# What the task asks
Print the line containing "Boat Neck Long Sleeve Sweater|Primark Hot" and all lines after it, unchanged, through the end of the data. Leave the pictures out.

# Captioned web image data

==============================

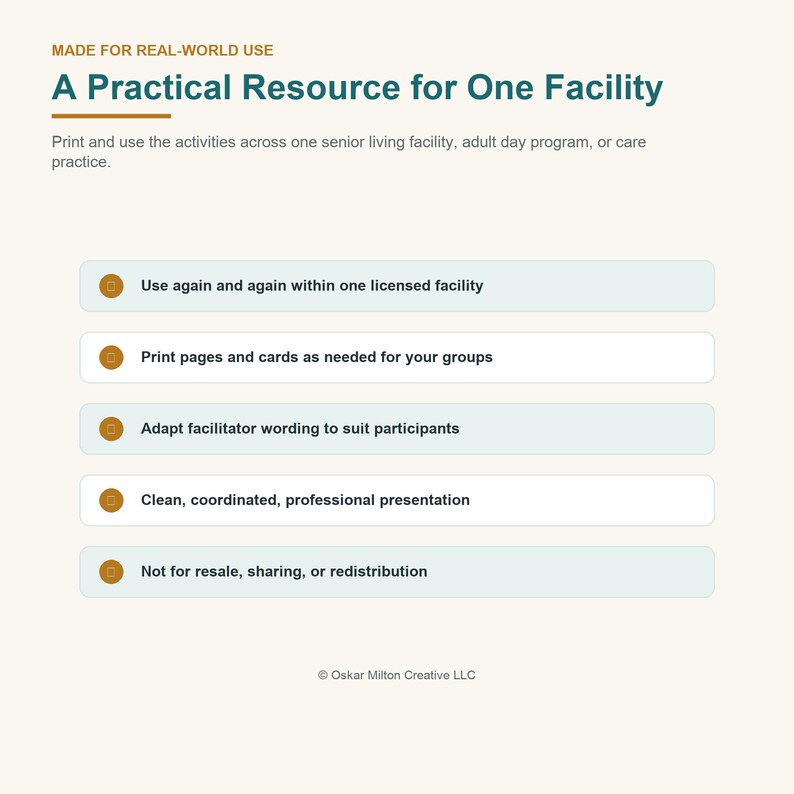 May include: An informational document titled A Practical Resource for One Facility, detailing usage terms for a senior living facility. It lists five bullet points regarding printing, adapting, and distributing content, ending with a copyright notice.
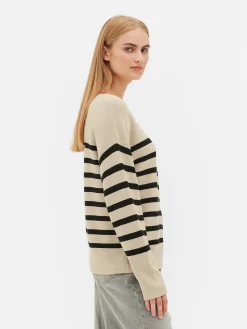 Boat Neck Long Sleeve Sweater|Primark Hot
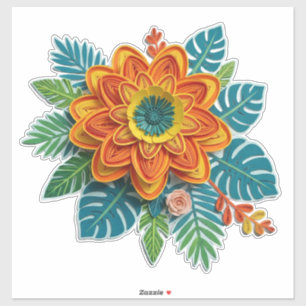 Quilling-Blumenkunst mit orangen Blütenblättern Aufkleber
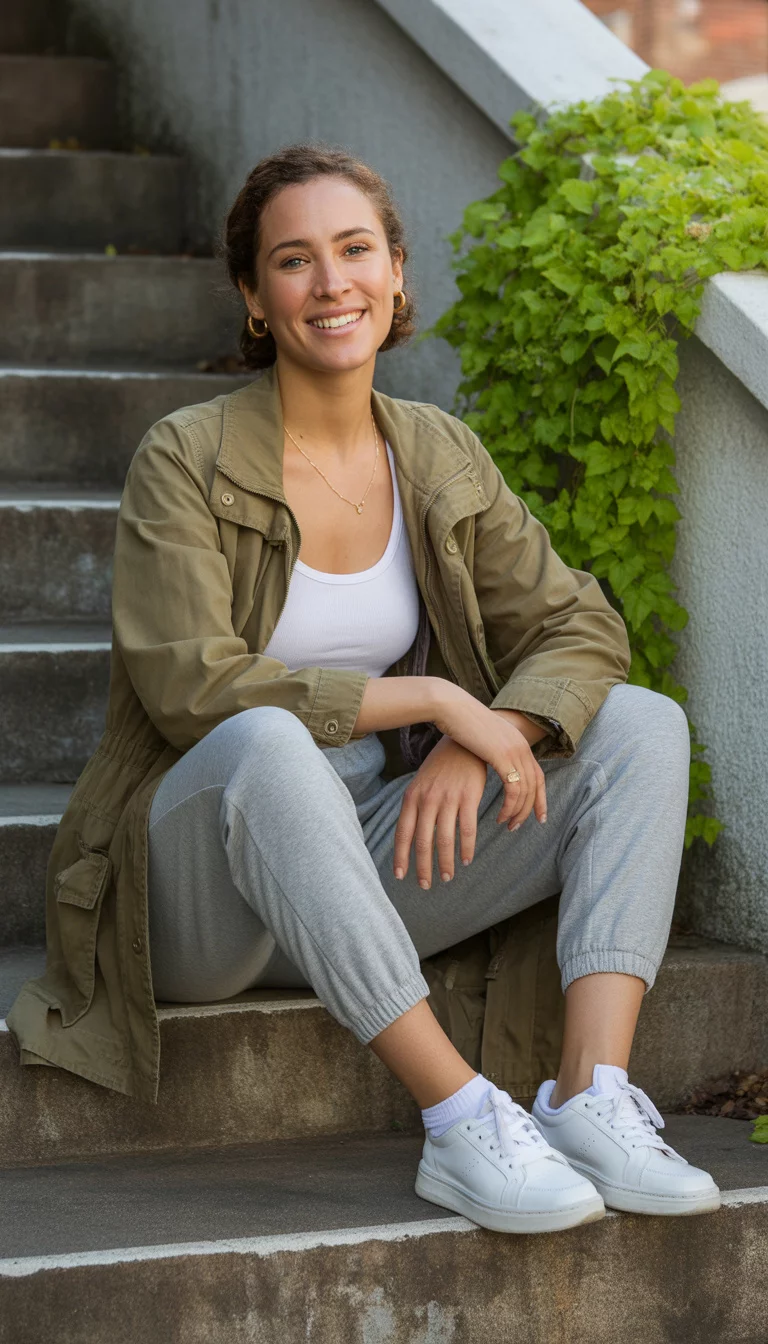 Utility Jackets and Joggers A beautiful 29-year-old woman in a khaki utility jacket, a white tank top, and grey cotton joggers, wearing white sneakers and sitting on concrete stairs.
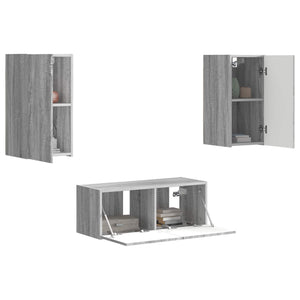vidaXL Meuble TV mural 6 pcs Aggloméré Gris Sonoma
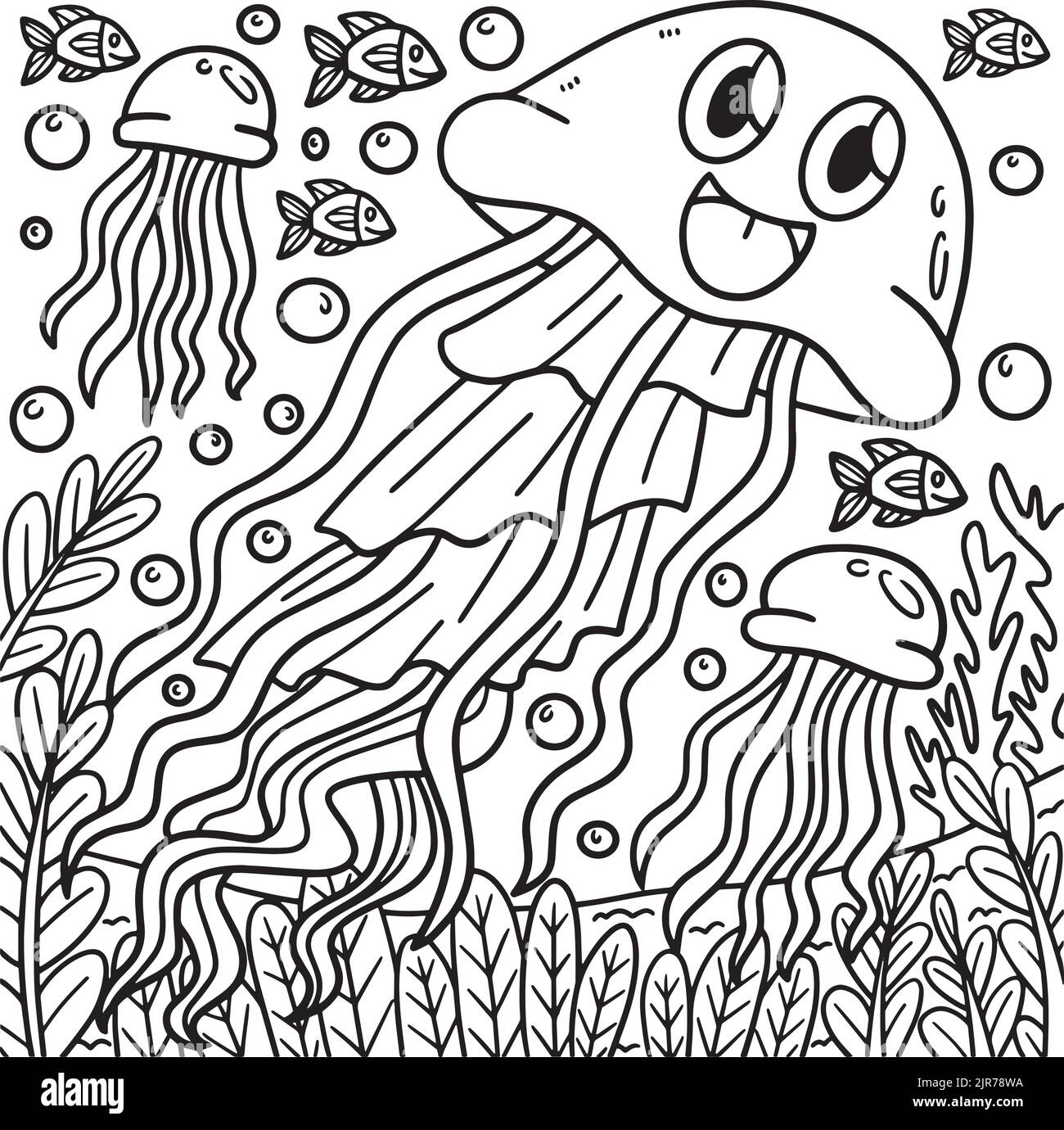 Jellyfish Coloring Page for Kids Stock Vector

==============================

# Output of the task
 Boat Neck Long Sleeve Sweater|Primark Hot
 Quilling-Blumenkunst mit orangen Blütenblättern Aufkleber
 Utility Jackets and Joggers A beautiful 29-year-old woman in a khaki utility jacket, a white tank top, and grey cotton joggers, wearing white sneakers and sitting on concrete stairs.
vidaXL Meuble TV mural 6 pcs Aggloméré Gris Sonoma
 Jellyfish Coloring Page for Kids Stock Vector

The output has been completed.